Hindu temple in Nagaon, Assam, India

 Maha Mrityunjay Temple is a Hindu Temple dedicated to Hindu God Shiva, situated in Nagaon, Assam, India. This Temple is special in its architectural sense as it is built in a form a Shivling. It is the World's largest Shivalinga, at the height of 126 foot. This feature is made it unique and very attractive for the devotees.

==History==
Construction of temple was initiated in 2003 by Acharya Bhrigu Giri Maharaj, this place is where he used to meditate and is the location where Guru Shukracharya performed Mahāmrityunjaya Mantra. Basis of this thought Acharya Bhrigu Giri Maharajas had chosen this place for temple construction (Pran Pratishta). The initial planning for the construction started in the year 2003 but after several attempts by other architects and engineers, the final engineering and design work was carried by Er. Narayan Sharma. The temple is also very significant due to reflection of mastery in engineering.

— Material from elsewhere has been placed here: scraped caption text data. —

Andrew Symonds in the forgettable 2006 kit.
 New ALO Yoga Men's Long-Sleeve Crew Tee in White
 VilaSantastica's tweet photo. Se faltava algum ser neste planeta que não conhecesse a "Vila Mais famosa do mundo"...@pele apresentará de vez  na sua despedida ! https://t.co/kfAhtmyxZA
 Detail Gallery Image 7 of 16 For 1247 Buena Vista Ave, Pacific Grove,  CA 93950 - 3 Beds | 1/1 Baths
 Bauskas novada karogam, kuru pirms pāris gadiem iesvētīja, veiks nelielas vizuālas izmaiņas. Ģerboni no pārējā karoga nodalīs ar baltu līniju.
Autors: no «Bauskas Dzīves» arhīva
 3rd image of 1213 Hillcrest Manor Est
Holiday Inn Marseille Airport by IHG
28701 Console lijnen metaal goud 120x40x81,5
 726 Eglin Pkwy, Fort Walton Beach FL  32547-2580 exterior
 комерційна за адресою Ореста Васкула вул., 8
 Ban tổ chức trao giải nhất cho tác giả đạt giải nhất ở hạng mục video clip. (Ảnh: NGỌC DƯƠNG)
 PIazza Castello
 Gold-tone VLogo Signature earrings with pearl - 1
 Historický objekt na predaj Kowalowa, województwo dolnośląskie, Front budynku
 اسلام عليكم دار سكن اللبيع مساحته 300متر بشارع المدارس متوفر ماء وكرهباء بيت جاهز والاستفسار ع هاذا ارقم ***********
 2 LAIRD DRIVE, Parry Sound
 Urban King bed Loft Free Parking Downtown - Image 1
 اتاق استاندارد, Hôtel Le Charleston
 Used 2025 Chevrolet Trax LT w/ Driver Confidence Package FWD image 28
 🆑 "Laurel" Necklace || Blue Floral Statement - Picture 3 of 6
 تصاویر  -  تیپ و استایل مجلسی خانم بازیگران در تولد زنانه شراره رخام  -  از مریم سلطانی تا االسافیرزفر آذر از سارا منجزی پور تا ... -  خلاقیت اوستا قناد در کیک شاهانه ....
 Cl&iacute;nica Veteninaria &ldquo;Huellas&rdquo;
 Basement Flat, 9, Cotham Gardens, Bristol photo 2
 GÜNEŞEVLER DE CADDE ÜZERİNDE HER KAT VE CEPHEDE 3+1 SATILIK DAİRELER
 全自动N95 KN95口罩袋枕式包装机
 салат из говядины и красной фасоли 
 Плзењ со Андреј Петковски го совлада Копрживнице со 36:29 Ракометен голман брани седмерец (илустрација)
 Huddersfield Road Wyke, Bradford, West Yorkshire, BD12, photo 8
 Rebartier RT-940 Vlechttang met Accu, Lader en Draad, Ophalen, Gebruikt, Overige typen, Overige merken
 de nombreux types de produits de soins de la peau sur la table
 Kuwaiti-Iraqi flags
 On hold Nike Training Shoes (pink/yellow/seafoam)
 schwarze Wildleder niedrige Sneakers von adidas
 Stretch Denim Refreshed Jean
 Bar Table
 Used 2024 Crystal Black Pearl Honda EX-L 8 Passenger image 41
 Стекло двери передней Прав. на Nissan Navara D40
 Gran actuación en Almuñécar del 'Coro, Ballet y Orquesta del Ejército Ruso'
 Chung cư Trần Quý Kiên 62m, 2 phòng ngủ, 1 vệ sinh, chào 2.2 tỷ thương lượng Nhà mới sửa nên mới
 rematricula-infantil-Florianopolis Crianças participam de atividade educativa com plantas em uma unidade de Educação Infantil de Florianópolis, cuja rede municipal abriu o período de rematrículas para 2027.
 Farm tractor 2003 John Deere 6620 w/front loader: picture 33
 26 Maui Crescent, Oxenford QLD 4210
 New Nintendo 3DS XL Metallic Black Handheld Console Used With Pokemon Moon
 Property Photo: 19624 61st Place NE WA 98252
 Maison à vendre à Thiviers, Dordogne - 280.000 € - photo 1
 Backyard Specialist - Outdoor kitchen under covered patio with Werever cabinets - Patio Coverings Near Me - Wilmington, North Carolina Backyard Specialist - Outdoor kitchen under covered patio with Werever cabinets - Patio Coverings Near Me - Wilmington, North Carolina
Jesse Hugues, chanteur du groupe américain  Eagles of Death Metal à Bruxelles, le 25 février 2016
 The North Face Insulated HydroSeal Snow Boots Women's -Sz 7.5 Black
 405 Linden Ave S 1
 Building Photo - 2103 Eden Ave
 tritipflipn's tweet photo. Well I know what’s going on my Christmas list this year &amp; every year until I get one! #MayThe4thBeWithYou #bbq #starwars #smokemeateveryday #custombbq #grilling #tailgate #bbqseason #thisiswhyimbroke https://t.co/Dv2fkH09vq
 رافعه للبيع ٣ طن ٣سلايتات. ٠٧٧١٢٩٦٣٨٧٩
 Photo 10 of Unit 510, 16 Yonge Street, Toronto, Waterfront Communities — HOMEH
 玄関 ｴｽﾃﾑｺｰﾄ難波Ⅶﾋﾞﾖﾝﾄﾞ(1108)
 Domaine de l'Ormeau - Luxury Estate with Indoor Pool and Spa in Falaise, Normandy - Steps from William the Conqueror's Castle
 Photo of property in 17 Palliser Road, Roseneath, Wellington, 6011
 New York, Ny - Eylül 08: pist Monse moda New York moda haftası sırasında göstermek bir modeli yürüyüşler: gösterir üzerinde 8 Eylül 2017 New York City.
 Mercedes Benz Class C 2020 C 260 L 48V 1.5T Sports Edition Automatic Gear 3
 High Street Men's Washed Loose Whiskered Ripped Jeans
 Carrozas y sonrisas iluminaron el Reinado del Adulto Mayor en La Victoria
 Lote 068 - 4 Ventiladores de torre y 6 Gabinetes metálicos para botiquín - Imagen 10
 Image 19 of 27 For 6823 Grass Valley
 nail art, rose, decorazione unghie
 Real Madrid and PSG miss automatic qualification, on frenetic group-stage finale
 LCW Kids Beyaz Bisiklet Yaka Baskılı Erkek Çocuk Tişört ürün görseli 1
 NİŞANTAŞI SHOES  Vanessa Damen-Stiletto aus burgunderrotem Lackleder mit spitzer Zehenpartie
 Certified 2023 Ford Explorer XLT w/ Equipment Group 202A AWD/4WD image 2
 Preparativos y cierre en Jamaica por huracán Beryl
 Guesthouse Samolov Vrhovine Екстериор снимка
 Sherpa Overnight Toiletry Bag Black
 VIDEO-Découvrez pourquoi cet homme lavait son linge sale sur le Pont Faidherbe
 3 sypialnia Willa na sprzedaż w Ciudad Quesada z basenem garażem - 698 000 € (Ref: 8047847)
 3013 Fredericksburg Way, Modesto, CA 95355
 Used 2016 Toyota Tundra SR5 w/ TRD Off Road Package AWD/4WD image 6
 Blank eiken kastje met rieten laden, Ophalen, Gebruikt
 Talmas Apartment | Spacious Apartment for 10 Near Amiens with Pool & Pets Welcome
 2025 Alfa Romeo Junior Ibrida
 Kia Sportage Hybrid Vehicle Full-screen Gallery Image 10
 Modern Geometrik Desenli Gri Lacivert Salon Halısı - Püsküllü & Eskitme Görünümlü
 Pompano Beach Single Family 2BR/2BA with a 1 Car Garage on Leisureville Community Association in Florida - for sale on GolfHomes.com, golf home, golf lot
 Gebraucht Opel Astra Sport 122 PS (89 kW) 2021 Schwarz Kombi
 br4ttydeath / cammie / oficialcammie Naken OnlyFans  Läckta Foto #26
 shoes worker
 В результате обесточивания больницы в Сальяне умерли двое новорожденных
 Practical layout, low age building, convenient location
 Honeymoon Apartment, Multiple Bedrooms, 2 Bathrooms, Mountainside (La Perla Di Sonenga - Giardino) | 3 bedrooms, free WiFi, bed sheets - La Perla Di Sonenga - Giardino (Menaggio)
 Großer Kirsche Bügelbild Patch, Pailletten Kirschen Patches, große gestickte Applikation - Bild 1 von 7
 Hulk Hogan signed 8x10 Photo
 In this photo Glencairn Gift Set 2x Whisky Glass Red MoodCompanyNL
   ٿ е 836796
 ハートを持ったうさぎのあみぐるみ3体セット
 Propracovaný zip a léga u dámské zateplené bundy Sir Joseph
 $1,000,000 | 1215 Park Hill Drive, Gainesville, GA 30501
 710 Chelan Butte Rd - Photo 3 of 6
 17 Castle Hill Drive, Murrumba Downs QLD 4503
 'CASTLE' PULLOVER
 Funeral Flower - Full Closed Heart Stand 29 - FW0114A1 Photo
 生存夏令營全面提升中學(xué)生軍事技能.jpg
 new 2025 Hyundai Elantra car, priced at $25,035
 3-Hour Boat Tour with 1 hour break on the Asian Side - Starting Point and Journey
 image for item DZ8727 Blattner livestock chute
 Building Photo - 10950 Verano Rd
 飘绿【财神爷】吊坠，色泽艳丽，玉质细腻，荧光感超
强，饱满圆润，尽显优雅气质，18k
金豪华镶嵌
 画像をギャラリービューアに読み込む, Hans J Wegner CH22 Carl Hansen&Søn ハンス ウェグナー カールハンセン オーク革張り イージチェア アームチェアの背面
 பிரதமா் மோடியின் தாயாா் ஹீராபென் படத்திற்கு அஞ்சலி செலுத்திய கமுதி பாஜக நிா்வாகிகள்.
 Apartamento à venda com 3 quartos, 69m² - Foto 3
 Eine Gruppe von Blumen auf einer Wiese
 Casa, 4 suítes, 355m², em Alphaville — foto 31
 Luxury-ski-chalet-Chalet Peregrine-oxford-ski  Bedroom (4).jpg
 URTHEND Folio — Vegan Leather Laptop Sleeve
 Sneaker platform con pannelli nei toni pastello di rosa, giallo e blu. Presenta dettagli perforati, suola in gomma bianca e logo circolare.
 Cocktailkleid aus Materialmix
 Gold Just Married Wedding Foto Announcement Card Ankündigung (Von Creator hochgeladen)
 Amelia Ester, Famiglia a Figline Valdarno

==Inauguration and Pran Pratishta Mahotsav ==
The Temple Inauguration was done by Pran Pratishta Mahotsav, worship (Puja) was started on 22 Feb and ended on 25 Feb 2021, As special guest the Union Home Minister Mr. Amit Shah, Minister of Health and Education in Assam Dr. Himanta Biswa Sarma and Ex. Chief Minister of Assam Mr. Sarbananda Sonowal had participated the puja and Yagna of Maha Mrityunjay Temple. 108 Yagna Kundas was established for the Yagna and around 250 priests came from Tamil Nadu to perform the Pran Pratishta Yagna. After completion of Pran Pratishta Yagna the Temple was opened for devotees from 26 Feb 2021.

==Location==
Maha Mrityunjay Temple is situated in Bherbheri Gaon, Barhampur, Puranigudam Nagaon, Assam around 120 km far from heart city of Assam Guwahati.

==Earthquake effects==
A massive earthquake reported on 28 April 2021 in Assam and NE Region measured 6.7 on the Richter scale. Due to that jolt a minor crack was observed in the upper part of 126 feet of temple which can be termed as ornamental damage and no structural damage has occurred.